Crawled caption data
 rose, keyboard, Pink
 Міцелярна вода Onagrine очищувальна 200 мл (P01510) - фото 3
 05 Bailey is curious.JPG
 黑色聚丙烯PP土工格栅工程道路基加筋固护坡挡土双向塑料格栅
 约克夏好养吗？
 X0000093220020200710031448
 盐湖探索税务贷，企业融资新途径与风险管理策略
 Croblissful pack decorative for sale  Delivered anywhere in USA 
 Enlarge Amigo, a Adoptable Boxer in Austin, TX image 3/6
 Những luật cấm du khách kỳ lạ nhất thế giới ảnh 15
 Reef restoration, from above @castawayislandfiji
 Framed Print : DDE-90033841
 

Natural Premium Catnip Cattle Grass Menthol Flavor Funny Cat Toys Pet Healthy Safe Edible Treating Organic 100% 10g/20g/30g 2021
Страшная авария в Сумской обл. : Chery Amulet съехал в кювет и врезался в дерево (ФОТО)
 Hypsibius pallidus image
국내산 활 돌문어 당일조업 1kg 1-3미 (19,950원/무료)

--- WHAT IS BEING ASKED ---
Could you set down, word for word, only the lines above from the line with "X0000093220020200710031448" to the line with "Framed Print : DDE-90033841", including both?

--- RESPONSE AREA ---
 X0000093220020200710031448
 盐湖探索税务贷，企业融资新途径与风险管理策略
 Croblissful pack decorative for sale  Delivered anywhere in USA 
 Enlarge Amigo, a Adoptable Boxer in Austin, TX image 3/6
 Những luật cấm du khách kỳ lạ nhất thế giới ảnh 15
 Reef restoration, from above @castawayislandfiji
 Framed Print : DDE-90033841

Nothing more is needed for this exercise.